My parents don’t know about this. Actually, I never told anyone about it. We were just kids. You know how children are.

When the builders were done renovating the houses on our road, they dumped a lot of stuff in a vacant lot on the corner. We claimed everything in those days – neighbour’s overgrown hedges that we stalked through like a hurricane, fires that we fed with plastic bags and soggy paper, long tree branches that made us into Zulu warriors, and the half rotten vinyl tiles left on a heap in that empty lot.

Terry and Tony – broken kids from smashed up homes, were bad. If they’re not in prison now, they’re somewhere worse than that. At twelve, I could tell. And I knew nothing.

We snapped the tiles in half, and then in half again, and that made them about 6-inch square. Repeating that made them into three by three and doing it again made them perfect for skimming across the road into someone’s garden. Like I say – we were kids. It was fun.

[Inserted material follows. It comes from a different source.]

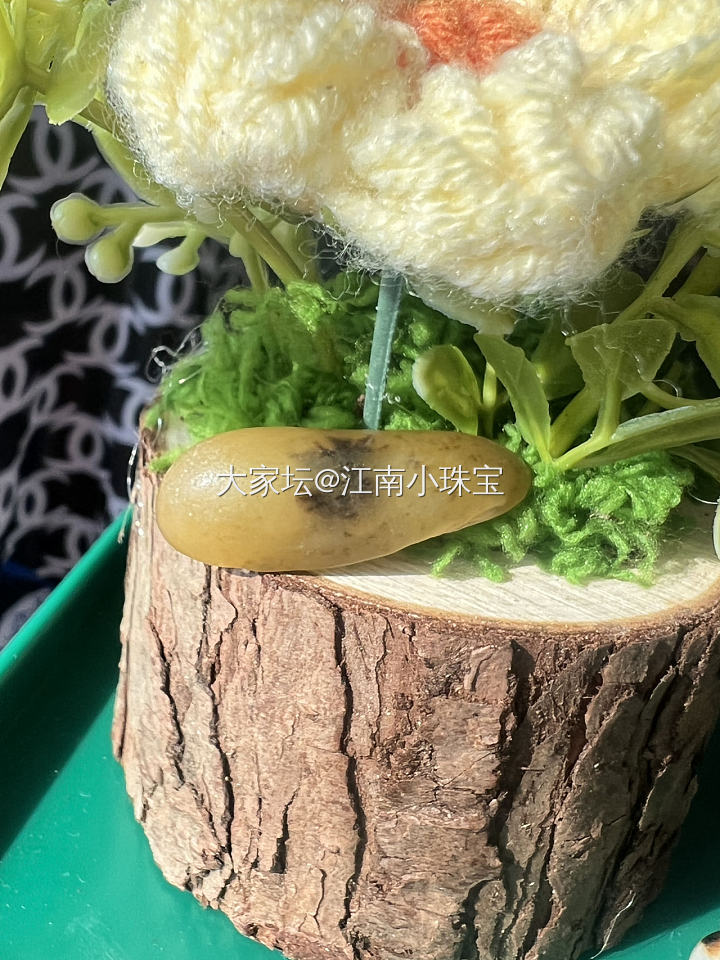 它好像一个毛毛虫_玉石和田玉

Who would have thought that such a tiny thing could hurt anything!

As soon as I heard the crack, I knew what had happened, and I knew straight away that Terry’s fingers had flicked that fatal fragment.

‘That was yours,’ he said quietly to Tony. No fuss.

By the time the woman had opened her front porch door, examined the cracked window next to it, walked her garden path and crossed the road, I knew, by Tony’s silence, that he had decided to take half of the pain. Part of me knew I should have taken a third. The biggest piece of me wanted no part. All of me still wonders, half a lifetime later, why they didn’t share any of it with me.



14 thoughts on “Sharing

  1. So sad. Reflection is a good thing, even if that means thinking about thug friends and what could have happened. That’s how we get better and make good choices. Character. It starts young, doesn’t it?